March 7, 2007
By Christopher Piatt
Playwright David Henry Hwang’s gender-bent geisha drama M. Butterfly picked up the Tony for best play in 1988, making him the first Asian-American to be so christened. In the subsequent years, the career of the two-time Pulitzer finalist has seen ups and downs on both Broadway and in the nonprofit theater, with substantial surprises in both. This week his last Broadway straight play, 1998’s short-lived China-set Golden Child, finally gets its Midwest premiere at Silk Road Theatre Project. We asked him about that, and his in-between trysts with a certain mouse.
Your most recent Broadway project was Tarzan, and before that Aida. How did Disney find you?
After Lion King happened, I was interested in the Mulan story. I always have been, actually. Disney had done an animated Mulan so I had approached them about the possibility of doing a staged Mulan, and they weren’t interested in that, but then they asked me if I wanted to work on Aida. I remember initially kind of struggling with that. And then I kind of felt, well, that this is a journey that if I don’t take I’ll always kind of be curious what would have happened.
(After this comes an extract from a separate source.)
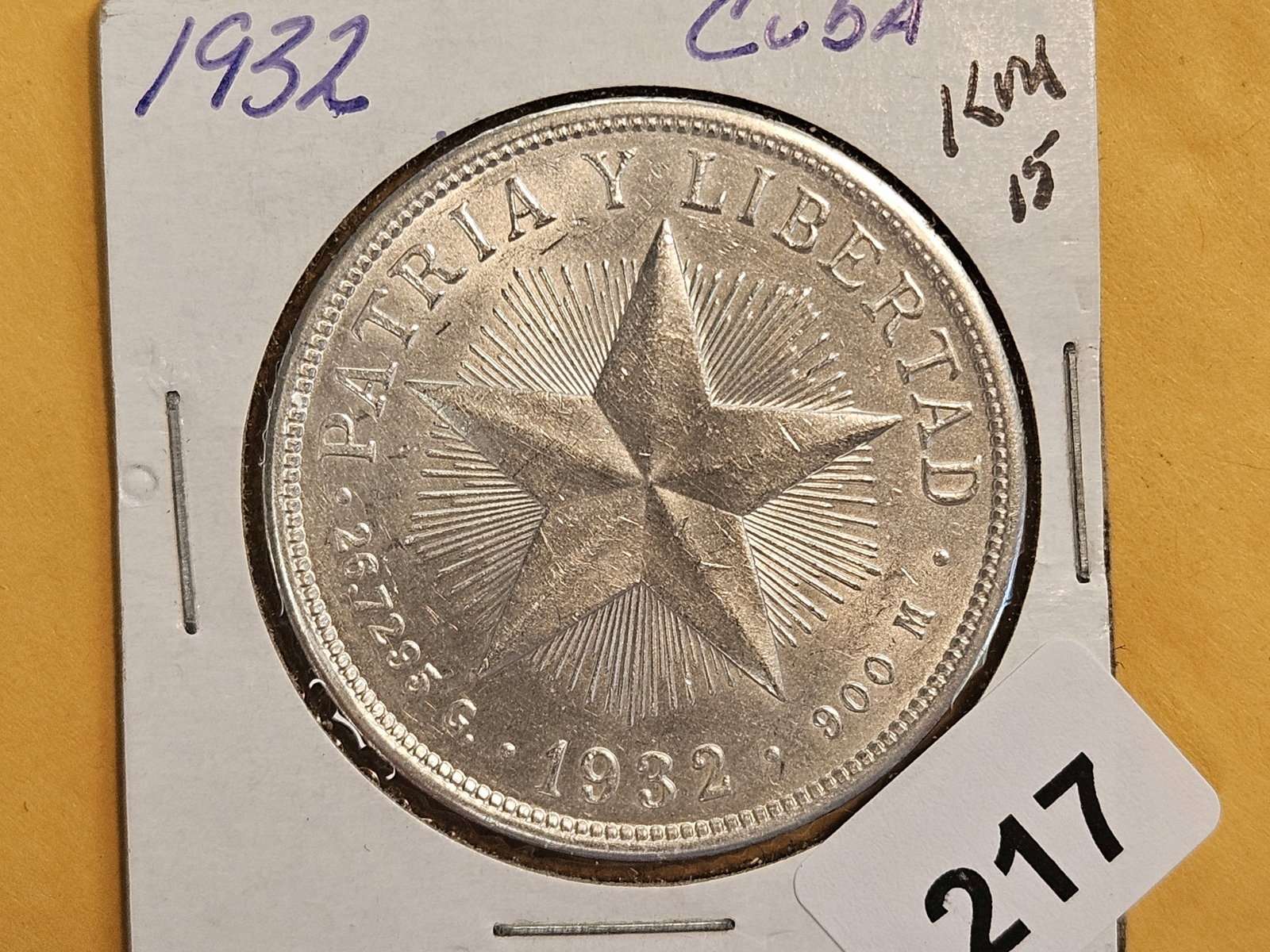 * Brilliant AU-BU 1932 Cuba silver peso: KM 15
And also there’s something nice about Disney, this sort of corporate colossus, that wasn’t typing me by race. There wasn’t a feeling like I could only work on Asian projects.
Do you think that ethnic tokenism is still thriving in nonprofit, non-Disney theater?
First of all, tokenism at one point was an advance. Because you had no plays with other than, you know, white characters in them. Like many things, one generation’s advance turns into another generation’s stagnation. Yes, a lot of my black colleagues complain about February. That’s when the black play gets scheduled. On the other hand, there is a greater recognition that an American play doesn’t need to look like a particular thing in terms of the race of its characters and certainly in terms of the sexual orientation.
Do you think there’s a reason that there aren’t more theater critics or even cultural critics of color?
There probably is a reason. I do think that it’s a big issue, because we talk a lot about diversity in terms of the acting pool and in terms of the plays themselves, but we don’t talk that much about diversity: (a) within the critical pool and (b) in terms of theater administration.
The first contact any ticket buyer has with a play is reading the review.
Yeah, and the system in New York is silly. Ever since The New York Times eliminated their Sunday critic, you only have this one voice. And it’s not like in London , where people tend to gravitate towards the critic they like; it’s just everybody believes in whoever happens to have the [daily Times] gig. And it’s not a good system but, as they say in The Godfather, “This is the life we chose.”
Regarding administration, any insights?
I think those are obviously really important areas in determining what gets produced, what gets through to an audience, what people go to see, and the point of view is very kind of monocultural. It’s good for the theater because, when it comes to things like marketing, it’s good to have somebody who knows that if you want to try to get more of an African-American audience, it helps to go to the churches. That sort of thing. There’s a million other variations like that. Theaters need to grow their audiences. They know they need to grow their audiences. They try to do so but they’re dealing with an economy that is multicultural and they’re, to a large extent, not. And even most ruthless industries know this.
Do you feel like Golden Child got a fair run on Broadway?
It was a short run, so I don’t think it got a fair run by definition. I don’t know. It’s hard to kind of go back and pick those things apart. I think Golden Child is a really strong play and certainly there are, fortunately, a lot of critics who felt the same way. But not the head critic of The New York Times, so we didn’t last long on Broadway. And that’s the roll of the dice.